▸ The problem: The result should be the lines from the one holding "Hwarang tập 7: Phản" to the final line of the records below, repeated exactly and with no pictures.

*** Available data ***

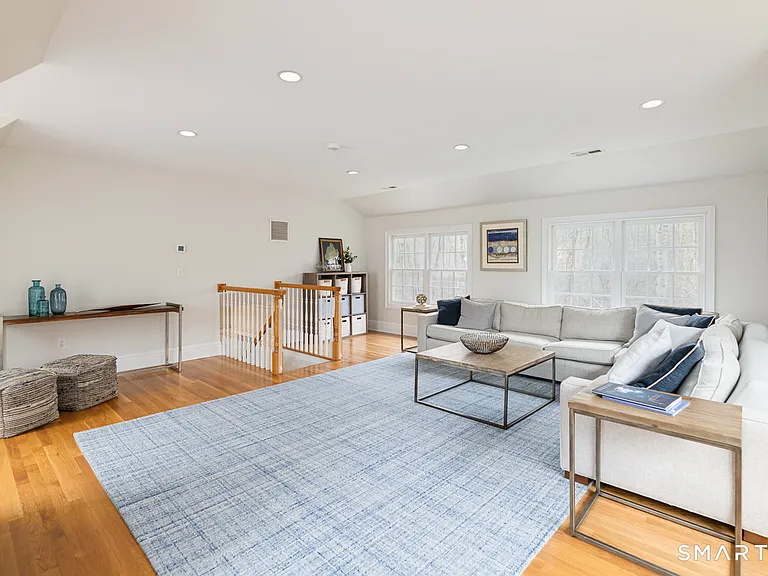 82 Westover Ave — Photo 9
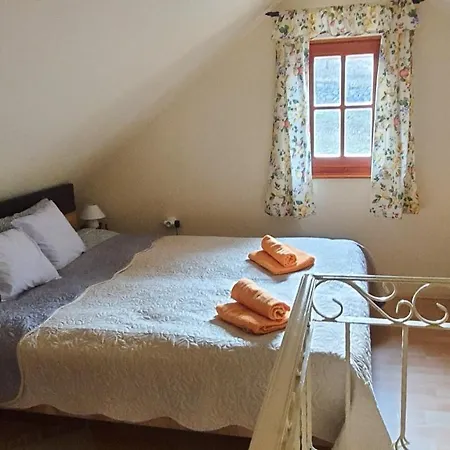 فندق Sarkanyles Vendeghaz Kisapati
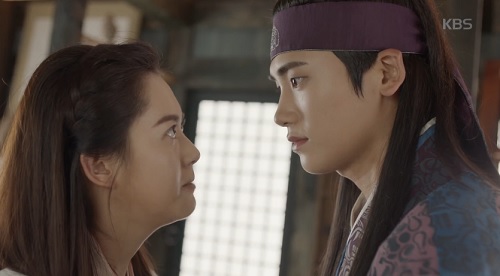 Hwarang tập 7: Phản ứng mạnh mẽ amp;#34;không tưởngamp;#34; của Go Ara sau khi bị cưỡng hôn - 8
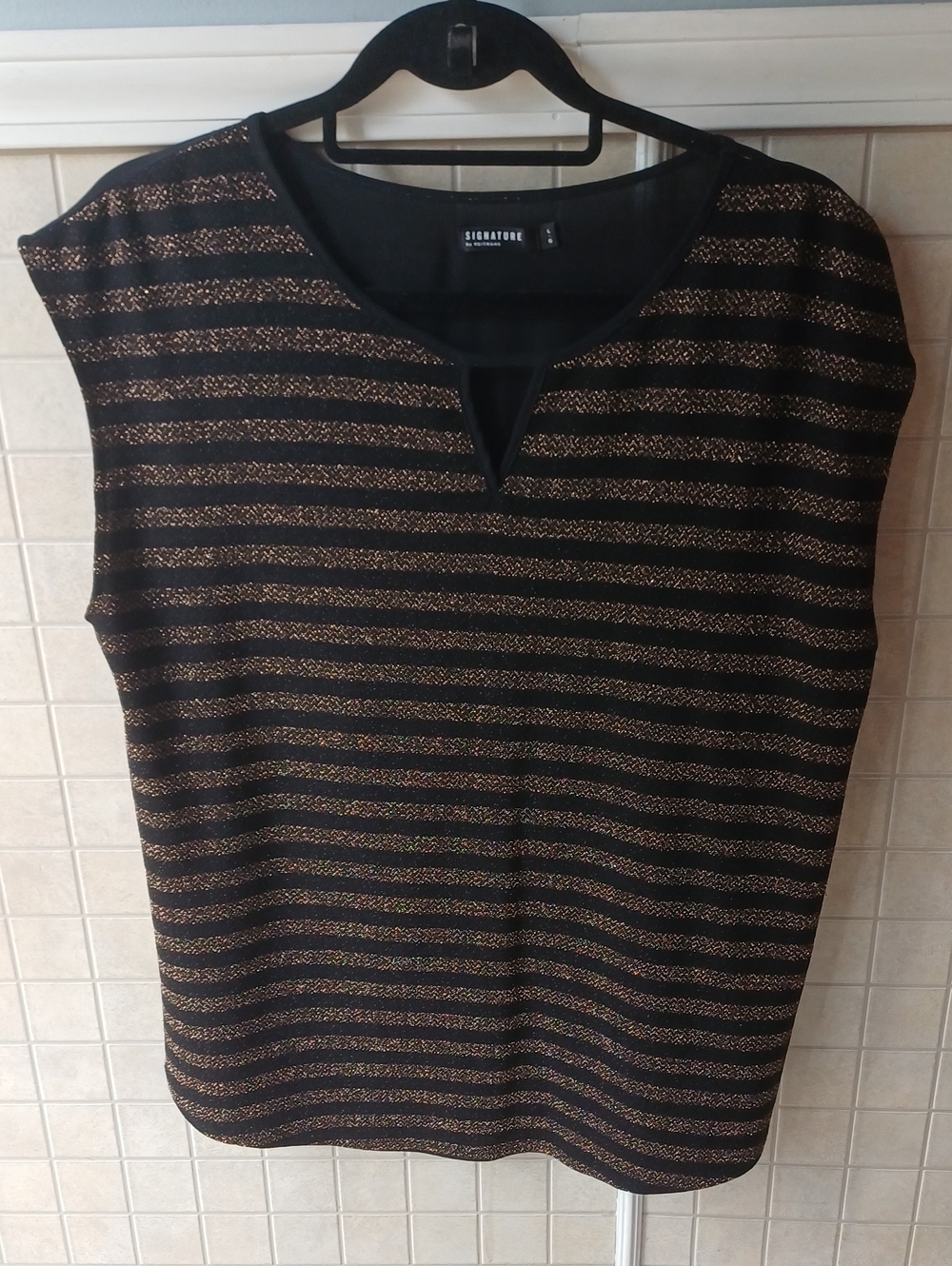 Reitmans Striped Gold And Black Top
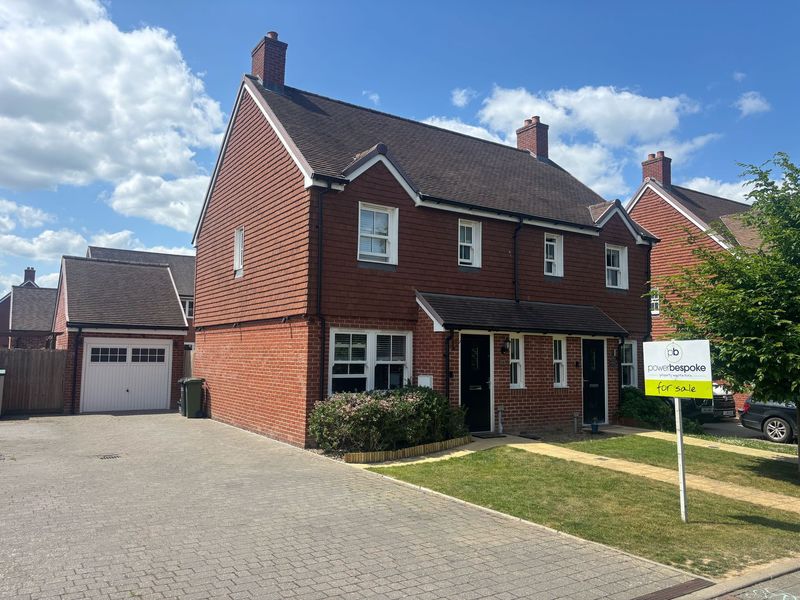 3 bed House - Semi For Sale in Horley, Surrey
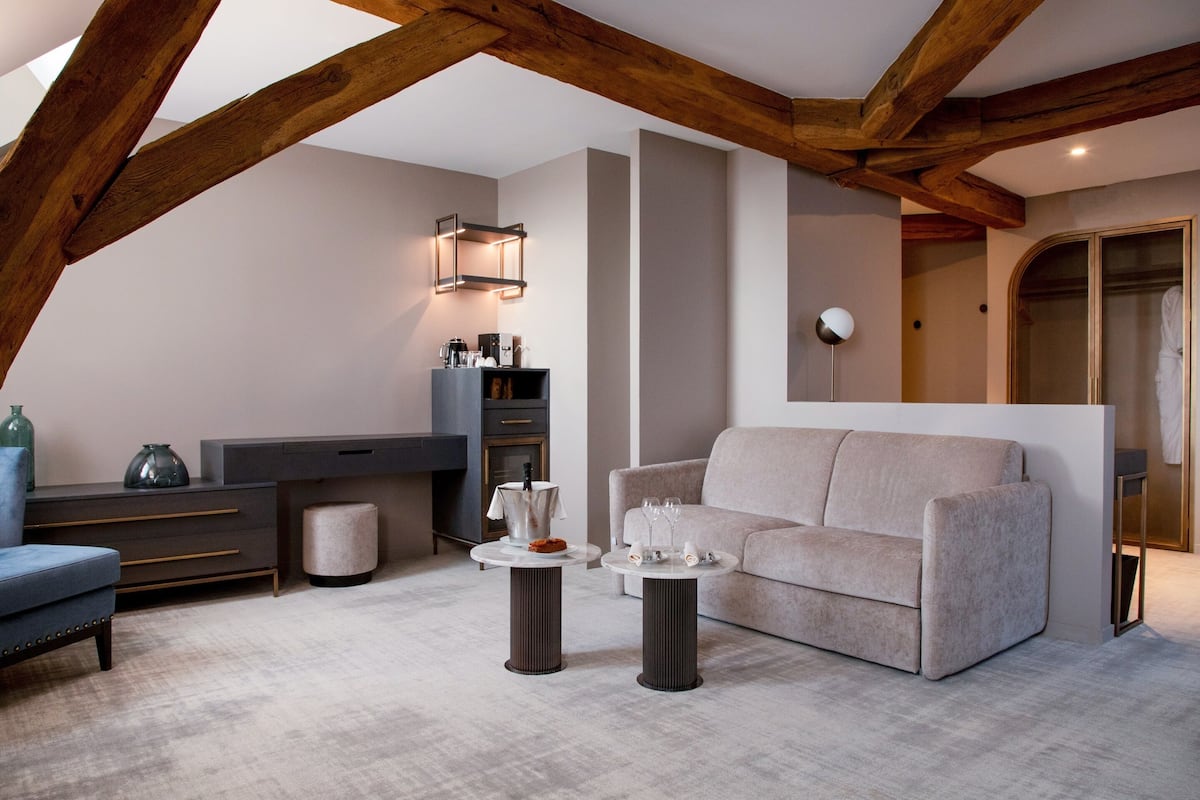 Suite junior | 1 habitación, minibar y caja de seguridad en la habitación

*** End of Available data ***

▸ The completed task:
 Hwarang tập 7: Phản ứng mạnh mẽ amp;#34;không tưởngamp;#34; của Go Ara sau khi bị cưỡng hôn - 8
 Reitmans Striped Gold And Black Top
 3 bed House - Semi For Sale in Horley, Surrey
 Suite junior | 1 habitación, minibar y caja de seguridad en la habitación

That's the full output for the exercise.